All motion is relative, to the limits of our capacity to measure it. This is a bedrock principle in physics due to Einstein which replaced the Newtonian/Galilean idea of absolute motion as a more correct description of the universe we inhabit.

All objects (atoms, etc.) above absolute zero temperature are in motion.


Inertial motion is essentially relative. The idea of absolute inertial motion is effectively meaningless-all it can convey is that a particular frame has been picked to be the baseline for quantifying motion, and any inertial frame can serve that purpose so the selection is necessarily arbitrary in an important sense.

You might get another perspective on the principles concerned if you imagine that everything in the Universe could suddenly be frozen so that nothing whatsoever moved. You might consider that to be a state of absolute immobility. But then imagine a variation on that set-up, in which everything in the frozen Universe was moving en masse in a common direction at ten metres per second. How could you compare the two scenarios? How would you know which of the two was stationary and which was moving? The answer is that you couldn't- indeed the distinction between the two scenarios is meaningless, because if you say something is absolutely stationary, or moving at such and such a speed, in both cases the obvious question that arises is 'relative to what?'.


It is most useful to conceive of motion as a rate-of-change of position, so it presumes an established system of position. The philosophical question that then arises is whether there can be any absolute system of position that does not depend on the position of particular objects (or sets of objects) or whether a system of position must be only relative with respect to one or more existent objects. To put it another way, is it philosophically coherent to for the whole universe in toto to move?

Descartes took the view that the position of objects must be considered relative to other objects, and therefore motion was always relative to the position of other objects. He considered that when people would make statements of motion without explicit relational objects, this implicitly referred to motion relative to some contextual surrounding. In this sense, he believed that there was some natural or "true motion" relative to some natural/obvious surrounding context (though this is largely an epistemological issue rather than a metaphysical one in my view).

One way to assert an idea of "absolute motion" is to pick one or more arbitrary "fixed points" in space and measure position and direction relative to these (e.g., one could take four fixed points to establish a three-dimensional coordinate system).

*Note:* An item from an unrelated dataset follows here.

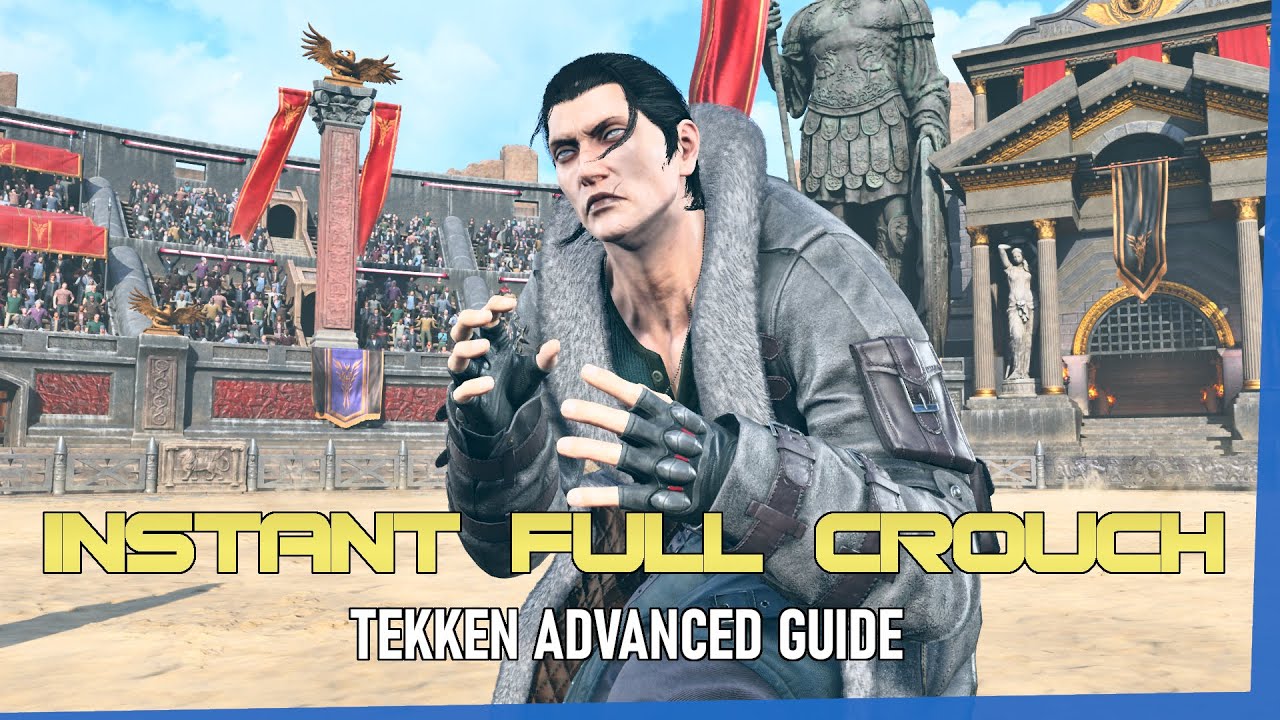 Можно ли мгновенно присесть с Драгуновым? &mdash; Tekken Advanced Guide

The difficulty of this approach is that it relies on alleged "fixed points" that are not themselves moveable objects in space (for if they were objects that could move themselves then you would be back to a relative position system). The difficulty with this approach is that such points are inherently unobservable, so the "absolute motion" of objects then becomes unobservable. Leibniz famously critiqued this "absolute motion" approach, saying that since absolute velocity would be unobservable, it is really just made-up.


Of course, you are right.

I believe your main questions are not about the three philosophers. I believe they are, 1.'Would the existence of an absolute mean not everything is in motion?', 2.'If everything is in motion, then is all motion relative?' In other words, you have a doubt 'absolute existence' and 'relativity' also. So I shall try to answer connecting all these, without mentioning Descartes, Galileo or Newton. The knowledge about the 'thing' that relativity does not operate, is ancient. To get an answer to your question, you need not even seek the help of these three.

Among ancient philosophies Advaita philosophy stands close to your idea. To represent that absolute mean we use the term, Brahman. If God has other duties even God can't be treated as the absolute mean. So, more precisely it is treated above God. The answer to your two questions is 'Yes'.